Republicans, once again, are trying to turn the recent domestic spying issue into another front of the Blame-each-other War (dare we call it an Orwellian-sounding War on Lies) in some sort of effort to convince people that there really is a difference between the two subsets of jackyderms. The latest round was fired at Al Gore by Scott McClellan. From the AP:
The White House accused former Vice President Al Gore of hypocrisy Tuesday for his assertion that President Bush broke the law by eavesdropping on Americans without court approval.
“If Al Gore is going to be the voice of the Democrats on national security matters, we welcome it,” White House press secretary Scott McClellan said in a swipe at the Democrat, who lost the 2000 election to Bush only after the Supreme Court intervened.
Gore, in a speech Monday, called for an independent investigation of the administration program that he says broke the law by listening in – without warrants – on Americans suspected of talking with terrorists abroad.
Gore called the program, authorized by President Bush, “a threat to the very structure of our government” and charged that the administration acted without congressional authority and made a “direct assault” on a federal court set up to authorize requests to eavesdrop on Americans.

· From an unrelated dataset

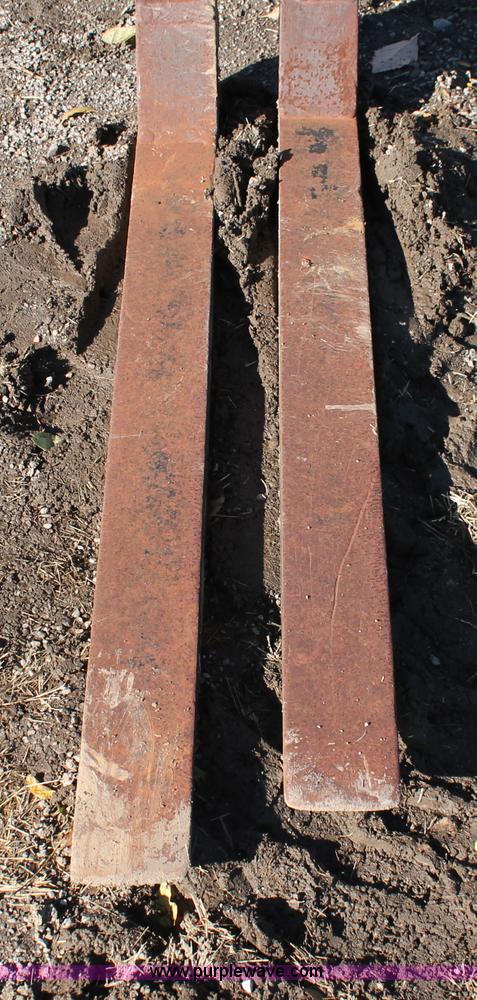 image for item H4154 Forklift pallet attachment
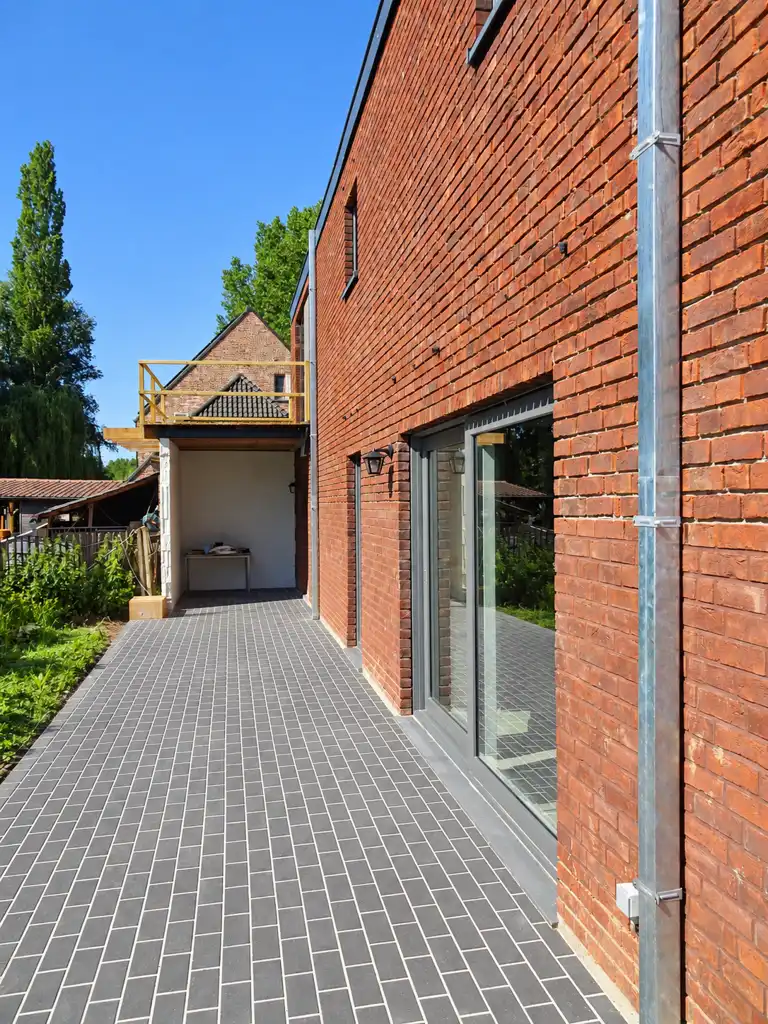 Zeer rustig gelegen ruime woning te huur foto 2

McClellan’s salvo missed the mark for two reasons. The first is that Gore isn’t the only spokesperson on the issue. Former Republican Congressman Bob Barr was scheduled to speak with Gore. Human Events Online billed it this way:
Former Vice President Al Gore will attack President Bush’s domestic eavesdropping program at a Washington, D.C., speech on Martin Luther King Day — with a Republican by his side.
Gore is teaming up with former Rep. Bob Barr, a Republican, for the policy address, which is endorsed by MoveOn.org and sponsored by the American Constitution Society and Liberty Coalition. Barr is an outspoken critic of Bush on issues of national security. He led the drive to impeach President Bill Clinton, Gore’s partner in the White House for eight years.
The LA Times explains a bit more:
Gore was scheduled to be introduced via a satellite feed by former Rep. Bob Barr (R-Ga.), one of the managers of the House impeachment case against Clinton. But problems with a satellite link prevented Barr from speaking.
McClellan almost hit on one issue. Had he had not started on unlevel ground with the insinuation that this is a Democrat v. Republican issue, this barrage might have found a target:
McClellan said the Clinton-Gore administration had engaged in warrantless physical searches, and he cited an FBI search of the home of CIA turncoat Aldrich Ames without permission from a judge. He said Clinton’s deputy attorney general, Jamie Gorelick, had testified before Congress that the president had the inherent authority to engage in physical searches without warrants.
“I think his hypocrisy knows no bounds,” McClellan said of Gore.
In the end, it is obvious that the GOP is merely shooting spitwads, as they have never gone after the Clinton administration about the Ames search — that is until it suddenly became convenient for them. Those with inside-the-beltway mentality may not get it, but most of America sees McClellan calling Gore a hypocrite yet the latest jackyderm example of pot-calling-the-kettle-blackism.